Abstract: : Purpose:To compare the performance of the "Fast RNFL Thickness" and the "Fast Optic Disc" algorithms of the Stratus OCT for detection of early perimetric glaucoma. Methods: One eye from 34 normal controls and 63 open–angle glaucoma patients with visual acuity equal to or better than 20/40, aged 30 years or older, and no other ocular pathology were selected. Glaucoma was described as presence of a visual field defect on automated perimetry based on predefined criteria. Two different OCT algorithms, the Fast RNFL Thickness and the Fast Optic Disc (FOD), were performed on all study eyes. The discriminating ability of the average RNFL thickness and RNFL thickness in sectors and quadrants was compared to 8 optic disc parameters derived from the FOD algorithm. ROC curves, senstivities, and specificities were used to compare the performance of the two approaches.
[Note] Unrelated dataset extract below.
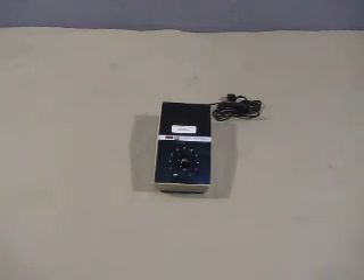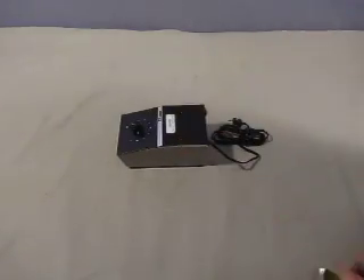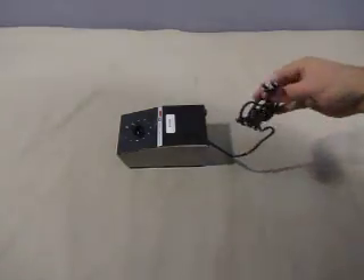Up for auction we have one Vickers Instruments Microscope Light Transformer. There's no light included, just a transformer. It's four inches wide, seven inches long, and stands about three inches tall. Standard plug.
Results: The average MD (±SD) was –0.8 (± 2.8) and –3.9 (± 3.9) dB in the control and glaucoma groups, respectively. Average RNFL thickness was 93.7 ± 13.6 and 73.8 ± 12.7 microns (p < 0.001) in the normal and glaucomatous eyes with an area under the curve (AUC ± SE) of 0.856 ± 0.04. RNFL thickness in the inferior quadrant and in the 6 o’clock sector had the highest AUC for detection of glaucoma (0.902 ± 0.03 and 0.861 ± 0.04). Among FOD parameters, Horizontal Integrated Rim Width (HIRW) had the highest AUC (0.912 ± 0.03 SE with the automated algorithm and 0.920 ± 0.03 SE with the manual correction). There was no statistically significant difference between AUC of the inferior quadrant or the 6 o’clock sector RNFL thickness and HIRW (p > 0.05 for both). With specificity fixed at 90%, sensitivity (95% CI) of the RNFL thickness in the inferior quadrant, and the manually corrected HIRW were 79% (71–87%) and 78% (70–86%), respectively. Conclusions: The Fast Optic Disc algorithm of OCT performs as well as the Fast RNFL Thickness algorithm for discrimination of early glaucomatous from normal eyes. However, the sensitivity of both algorithms is only fair when specificity is set at a high level.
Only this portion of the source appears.